Raw data Block Start

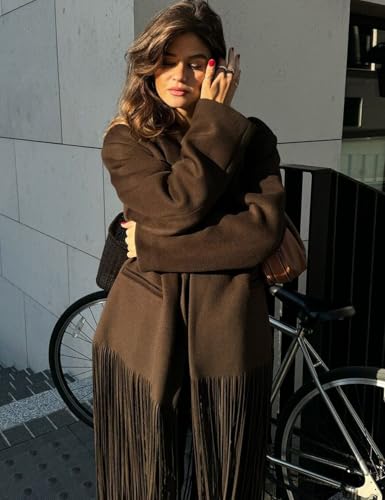 Women's Long Coat Notch Lapel Single-Breasted Jacket with Fringe Hem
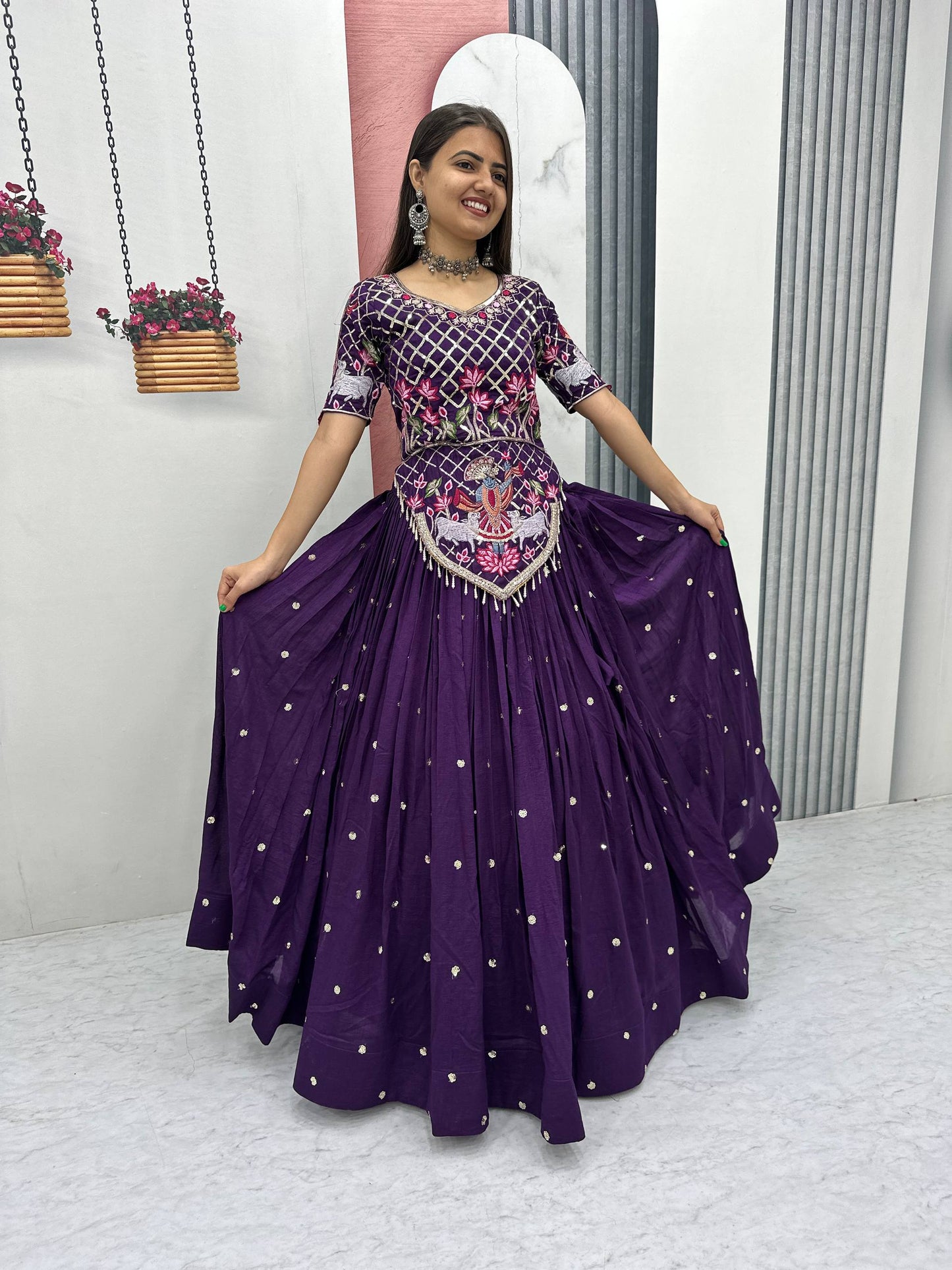 Navratri Special Vichitra Silk Embroidery Chaniya Choli Set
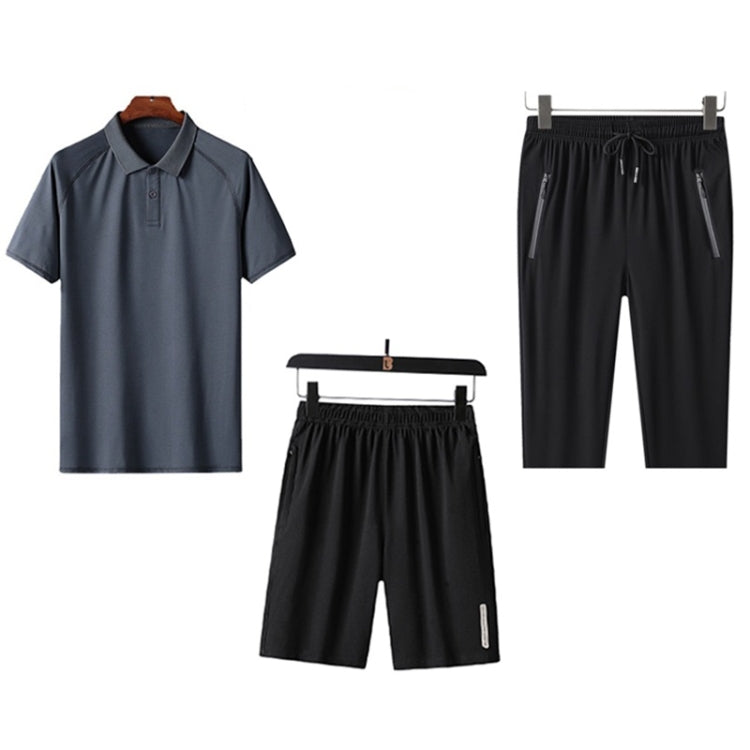 3 In 1 Summer Breathable Ice Silk Polo Shirt Raglan Short-sleeved T-shirt + Shorts + Trousers Loose Casual Sports Suit For Middle-aged And Elderly Men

Raw data Block End

## What needs to be done
Here the lines from the one with "Navratri Special Vichitra" through the last line of the data above need to be repeated exactly, both included, and any picture omitted.

## Your response
 Navratri Special Vichitra Silk Embroidery Chaniya Choli Set
 3 In 1 Summer Breathable Ice Silk Polo Shirt Raglan Short-sleeved T-shirt + Shorts + Trousers Loose Casual Sports Suit For Middle-aged And Elderly Men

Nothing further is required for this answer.